Tuesday, September 8, 2009

First taste on the facebook application

I decided to write a facebook application. At least, that will increase my odds to work for facebook, isn't it?

Or, at least it helps me to work for xiaonei.com...

OK, come back to the point. Just follow the instruction on facebook. But several things remain to stop me from doing that. Several lessons:

* Use a host that supports php5 (or, maybe php4 is good enough?). I used godaddy's economical hosting, whose default configuration (IIS6) doesn't support php at all. Fortunately it provides a free (!!) update to IIS7 which works for php5. That confused me quite a while.

* Be careful for the settings:
- Call back URL. Make sure to end with a "/" at last.
- Use a IFrame to start with, and you can see the results for even a single HTML source page. Then be careful to change to FBML.
- When using FBML, write a index.php and write code to that file. Now I'm using the example provided by facebook (Get started quickly with some example code) which is a php code (FBML also works).

Gotta move on. Add oil!

Sunday, July 26, 2009

MapReduce.. PartI

I want to summarize my recent experience using MapReduce Framework.

Actually I will start after if you can successfully run a single-alone version of "wordcount" application.
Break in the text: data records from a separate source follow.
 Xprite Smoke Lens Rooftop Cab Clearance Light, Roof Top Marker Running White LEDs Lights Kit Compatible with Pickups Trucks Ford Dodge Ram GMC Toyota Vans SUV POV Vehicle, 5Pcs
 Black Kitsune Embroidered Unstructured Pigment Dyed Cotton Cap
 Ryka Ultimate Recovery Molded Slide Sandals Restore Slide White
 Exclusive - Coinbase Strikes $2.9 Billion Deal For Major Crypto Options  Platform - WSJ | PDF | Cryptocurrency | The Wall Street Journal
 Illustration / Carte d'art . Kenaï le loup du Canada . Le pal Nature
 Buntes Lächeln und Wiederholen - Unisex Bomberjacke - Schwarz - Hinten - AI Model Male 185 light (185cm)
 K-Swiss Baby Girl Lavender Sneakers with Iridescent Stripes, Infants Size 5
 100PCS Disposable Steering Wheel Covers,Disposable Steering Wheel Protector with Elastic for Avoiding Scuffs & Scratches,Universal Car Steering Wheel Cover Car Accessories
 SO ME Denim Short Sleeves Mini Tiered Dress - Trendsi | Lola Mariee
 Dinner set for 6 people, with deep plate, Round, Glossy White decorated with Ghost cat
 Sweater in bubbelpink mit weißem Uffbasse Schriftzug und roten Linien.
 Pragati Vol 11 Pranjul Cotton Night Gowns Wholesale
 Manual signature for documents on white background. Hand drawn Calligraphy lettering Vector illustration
And it is more than just putting everything of single-alone code to the cluster and run it.

Moreover, I'll not introduce how to configure MapReduce on the cluster... Actually this time someone else has set it up for us users.

Let's begin now.

Tip#1
This one is related not to MapReduce, but the difference between Windows and Linux.

Well, as i found out earlier, cygwin is a cool tool, because you can simulate a Linux environment from windows, AND something more: for example, after I setting up Java environment under windows, you can directly use that Java under linux as well, without the need to install again.

Well... really good?

However, as I turned out later then, another programming tool, gcc, yeilds different results when compiling under cygwin and real Linux.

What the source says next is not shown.